*** ENTRIES SHOWN Section Begins ***

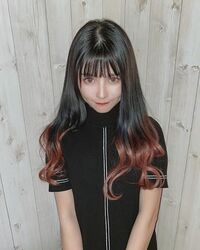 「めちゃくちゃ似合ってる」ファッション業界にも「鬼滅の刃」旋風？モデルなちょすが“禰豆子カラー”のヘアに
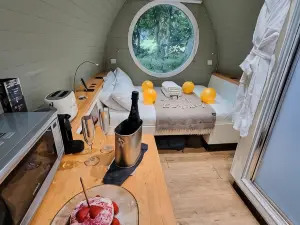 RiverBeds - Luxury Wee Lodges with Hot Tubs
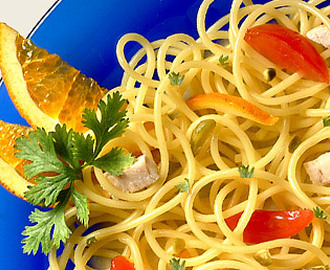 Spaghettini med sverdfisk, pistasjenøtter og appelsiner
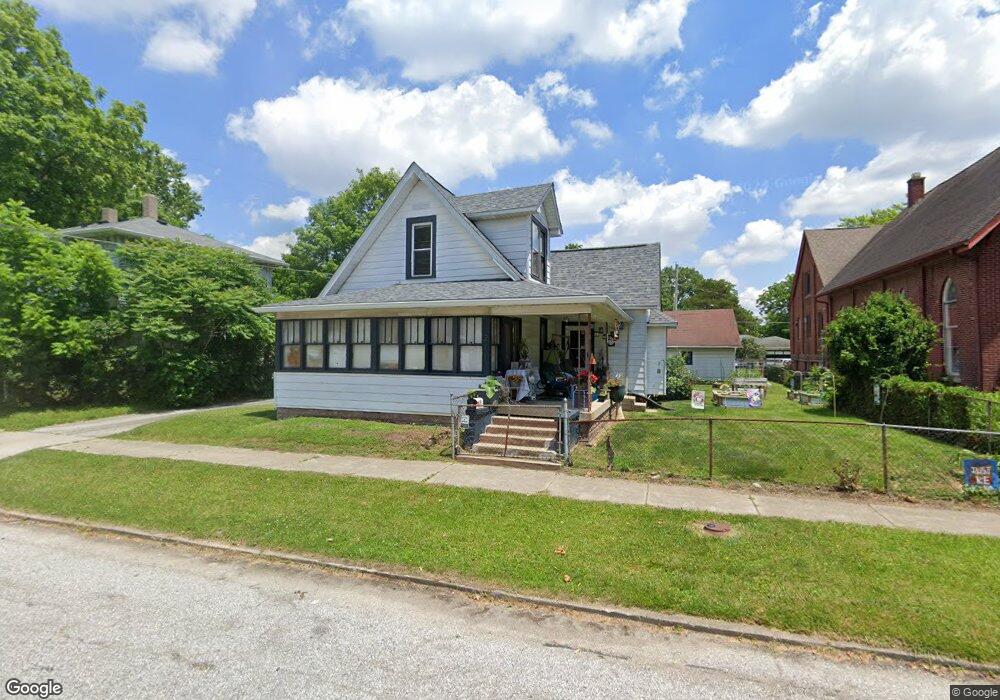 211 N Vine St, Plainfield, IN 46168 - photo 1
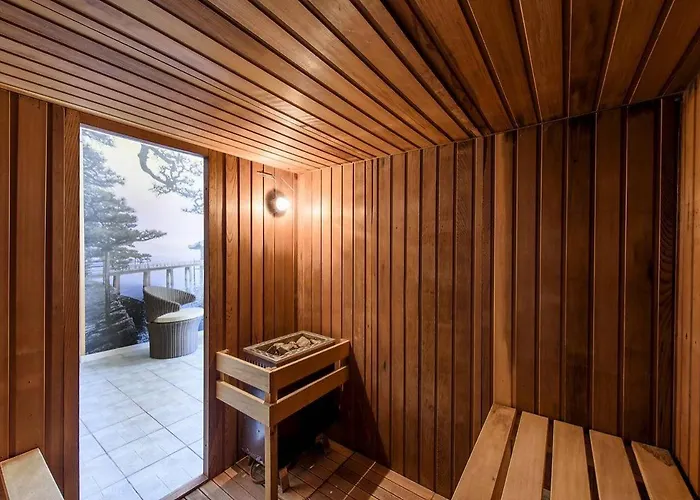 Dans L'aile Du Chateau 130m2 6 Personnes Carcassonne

*** ENTRIES SHOWN Section Ends ***
*** ENTRIES SHOWN Section Begins ***

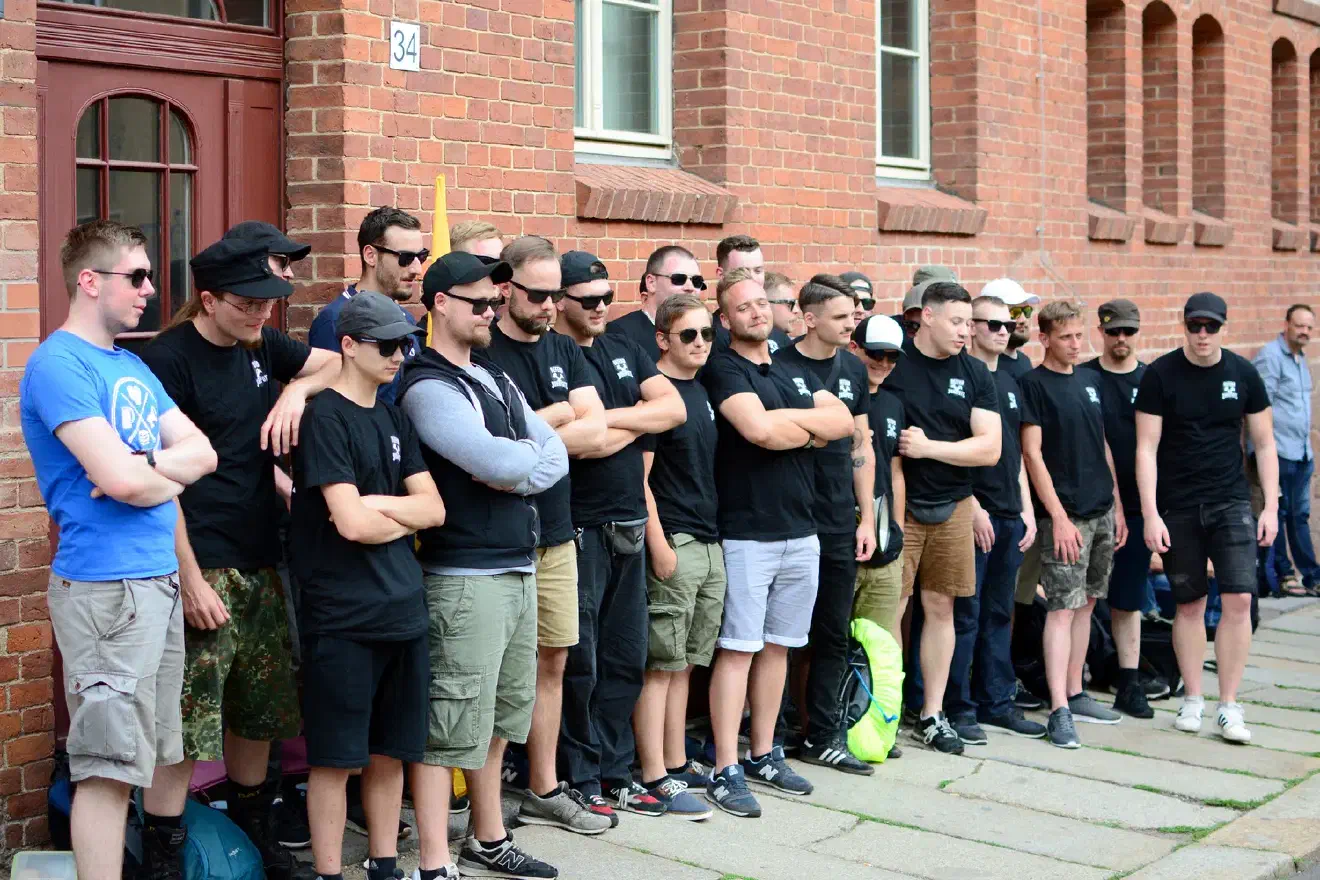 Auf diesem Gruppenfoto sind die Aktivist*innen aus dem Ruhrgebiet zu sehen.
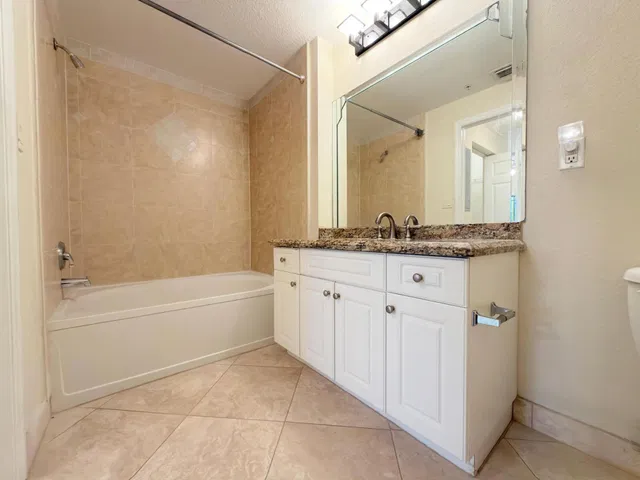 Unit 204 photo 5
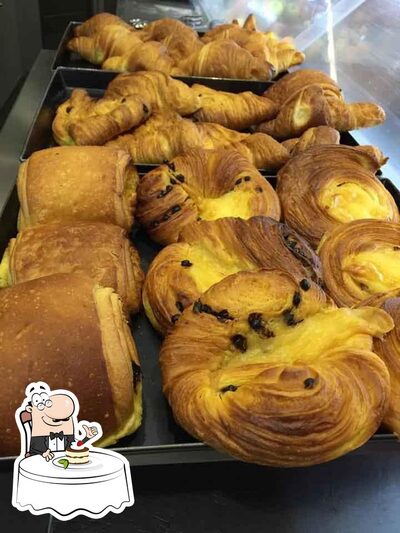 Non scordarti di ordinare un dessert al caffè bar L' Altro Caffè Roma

*** ENTRIES SHOWN Section Ends ***

▶ **PROBLEM REQUIREMENTS**: Using the records above, return verbatim only the part that opens with the line containing "RiverBeds - Luxury Wee Lodges with Hot Tubs" and closes with the line containing "Dans L'aile Du"; pictures stay out.

▶ **SOLVED EXERCISE**:
 RiverBeds - Luxury Wee Lodges with Hot Tubs
 Spaghettini med sverdfisk, pistasjenøtter og appelsiner
 211 N Vine St, Plainfield, IN 46168 - photo 1
 Dans L'aile Du Chateau 130m2 6 Personnes Carcassonne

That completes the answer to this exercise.